==== DATASET RECORDS

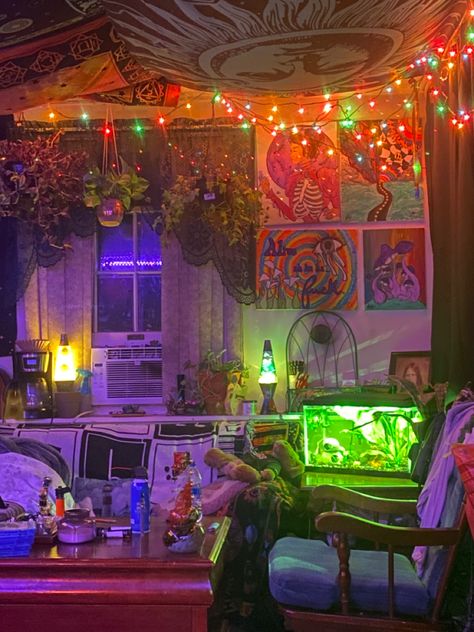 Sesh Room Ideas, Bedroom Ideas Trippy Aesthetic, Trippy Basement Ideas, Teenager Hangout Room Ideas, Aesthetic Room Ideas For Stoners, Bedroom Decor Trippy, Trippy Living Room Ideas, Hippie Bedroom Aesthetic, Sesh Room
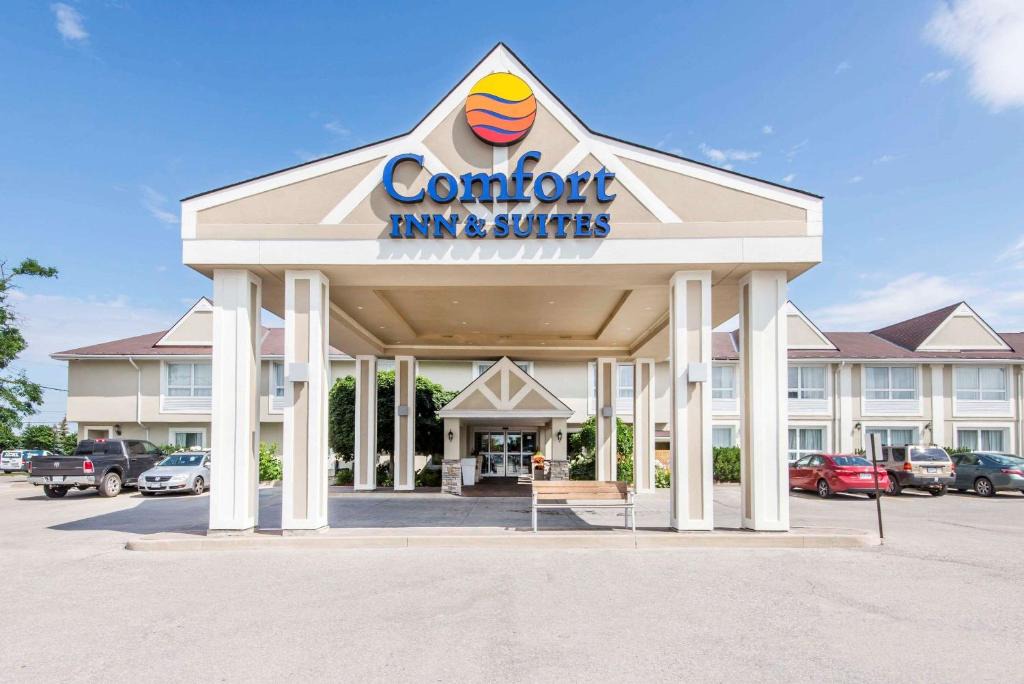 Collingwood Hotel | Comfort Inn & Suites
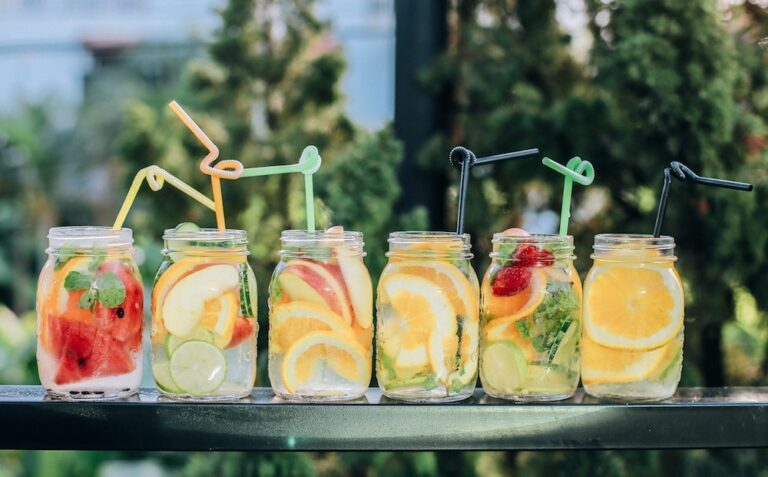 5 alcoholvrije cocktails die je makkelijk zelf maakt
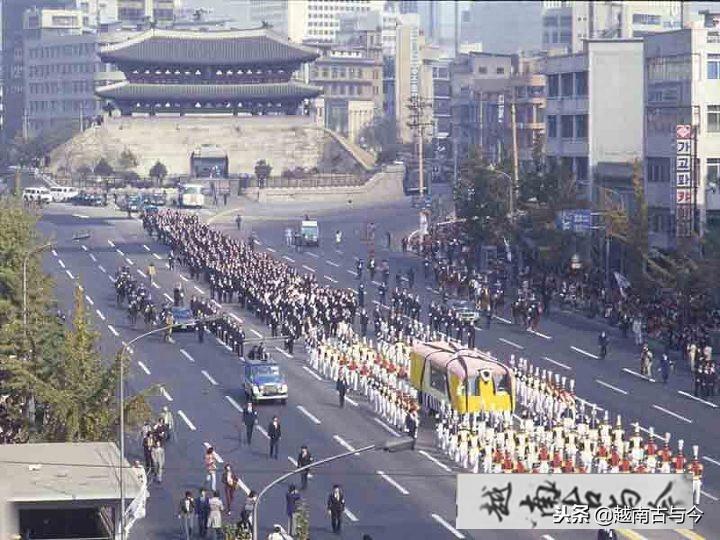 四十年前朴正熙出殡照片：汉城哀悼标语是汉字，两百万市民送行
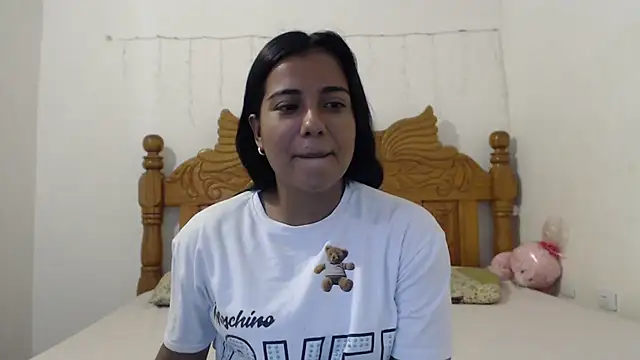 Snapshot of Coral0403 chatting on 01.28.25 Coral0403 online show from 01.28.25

========
==== DATASET RECORDS

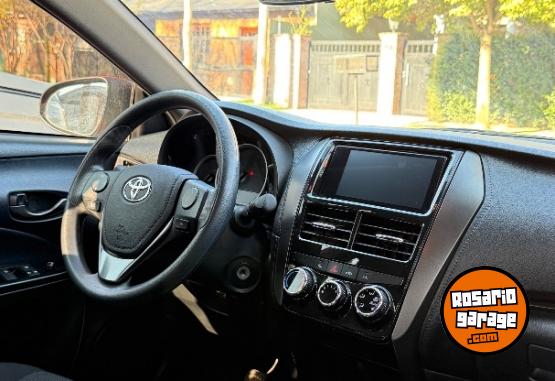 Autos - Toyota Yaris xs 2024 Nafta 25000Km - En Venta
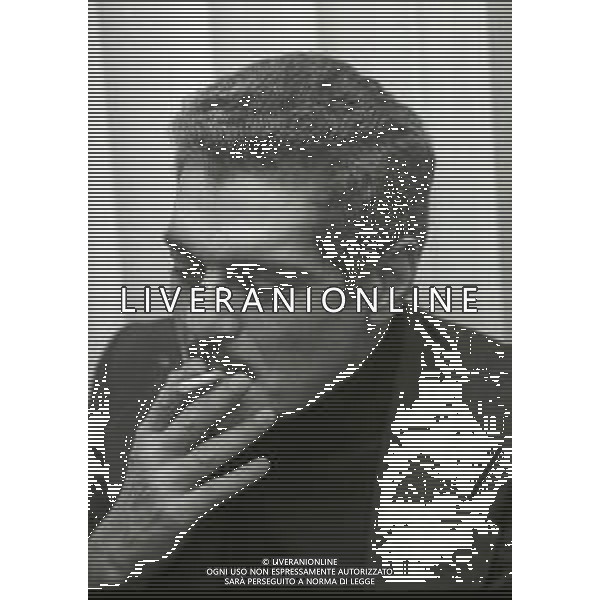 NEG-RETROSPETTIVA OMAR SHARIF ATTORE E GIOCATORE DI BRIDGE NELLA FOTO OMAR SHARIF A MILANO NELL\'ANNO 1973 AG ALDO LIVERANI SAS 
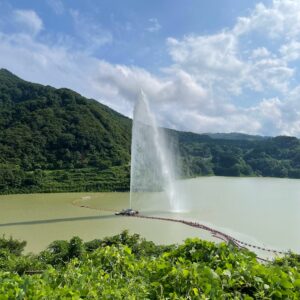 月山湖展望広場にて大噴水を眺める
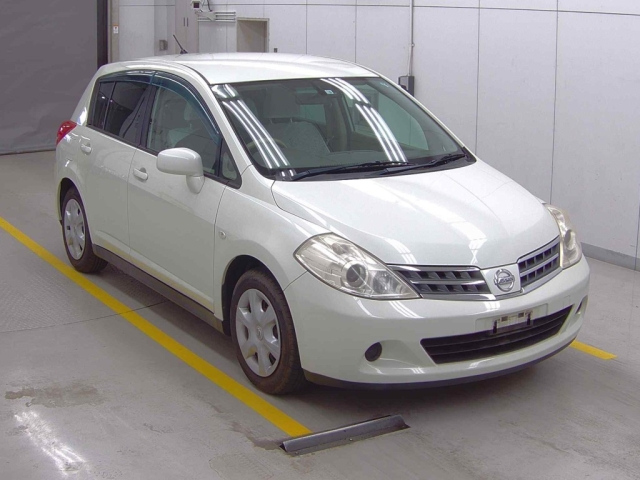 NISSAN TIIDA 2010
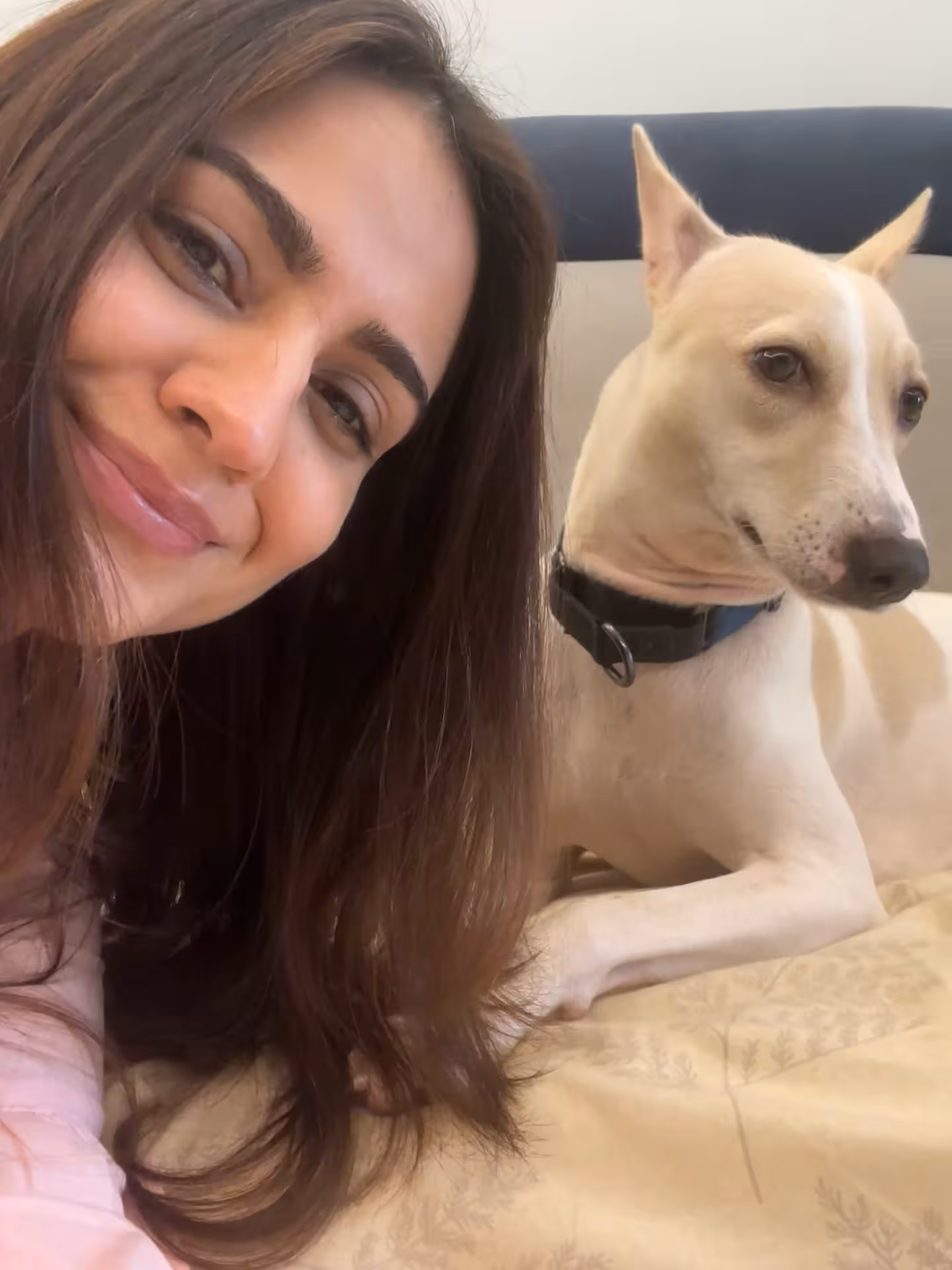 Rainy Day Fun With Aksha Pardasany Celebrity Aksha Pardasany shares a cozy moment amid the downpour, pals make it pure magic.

========

● **ABOUT THIS TASK**
Starting at the line containing "5 alcoholvrije cocktails" and stopping at the line containing "Snapshot of Coral0403", output each line exactly as it appears above. Leave out the pictures.

● **RESPONSE AREA**
 5 alcoholvrije cocktails die je makkelijk zelf maakt
 四十年前朴正熙出殡照片：汉城哀悼标语是汉字，两百万市民送行
 Snapshot of Coral0403 chatting on 01.28.25 Coral0403 online show from 01.28.25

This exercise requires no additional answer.